Always a bridesmaid, never a new world-order leader in a post-apocalyptic all-powerful matriarchy. Sigh.
Me: *gets in from fishing trip*
Girlfriend: did you catch anything?
Me: *sighs* just an old boot
Girlfriend: okay, what’s she called?
I’m going to start calling it “Auto Carrot” just so it can see how it feels.
I only like movies with a happy ending, which has led to several arrests in theaters
*pounding on her chest*
DON’T DIE ON ME KAREN!
*pounds harder*
(sobbing) BREATHE DAMMIT!
CPR instructor: Ok, so that was wrong.
Vegan pizza…. is basically
just the box.
Put on sunglasses. Now run past a crowd of people with your index finger on your ear screaming “SNIPER HAS BEEN SPOTTED SIR”
Me: The wedding cake is a stack of 50 pancakes I have frosted. Each layer represents people you slept with prior to meeti-*mic gets cut off*
There’s nothing more humiliating than taking your pet to bed with you, and they get down and leave the room.
“Needs to be punchier” — someone who has no idea what they want and wants you to figure it out
me: It’s raining so we have to run to the car, ok?
toddler: Ok
me:
toddler:
me: You gotta let me open the door before you start running
toddler *rubbing his head* Ok
The best thing about being 5 is using your age an an excuse to do things and also get out of doing things. It’s either, “I can do it, I’m 5 now” or “I can’t do it, I’m only 5.”

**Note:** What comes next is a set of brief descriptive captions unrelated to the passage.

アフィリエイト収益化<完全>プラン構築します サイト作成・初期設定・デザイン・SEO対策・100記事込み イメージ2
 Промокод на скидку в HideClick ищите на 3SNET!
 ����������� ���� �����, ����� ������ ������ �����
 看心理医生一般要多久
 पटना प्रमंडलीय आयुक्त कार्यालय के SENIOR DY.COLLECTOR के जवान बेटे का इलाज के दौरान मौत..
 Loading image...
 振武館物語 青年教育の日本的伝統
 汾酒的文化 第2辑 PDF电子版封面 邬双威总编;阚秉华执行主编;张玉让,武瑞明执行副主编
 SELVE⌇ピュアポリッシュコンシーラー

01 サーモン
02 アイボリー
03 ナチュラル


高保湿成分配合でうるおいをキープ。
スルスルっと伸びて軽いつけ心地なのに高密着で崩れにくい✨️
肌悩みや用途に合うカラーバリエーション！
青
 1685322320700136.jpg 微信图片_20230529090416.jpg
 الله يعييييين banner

Strawberry is a terrible name. “Ooh, a berry with all the flavor of a straw,” you’d think. But you’d be wrong
they say tomatoes are good for my prostate but they’re way too squishy to get up in there
Stop letting your dogs piss on fire hydrants. Some of us use those for parkour.
[fancy restaurant]
HOST: uh sir, no outside food or drink is allowed
ME: this is my service chalupa
[in bed]
ME: [turning off table lamp] I’ve finally finished my book
WIFE: What happened in the end?
ME: I saw his stripy shirt behind a tree
I looked up foods that could trigger my acid reflux and decided to embrace the acid reflux.
But that’s my emotional support bin of clothes that are too small for me now.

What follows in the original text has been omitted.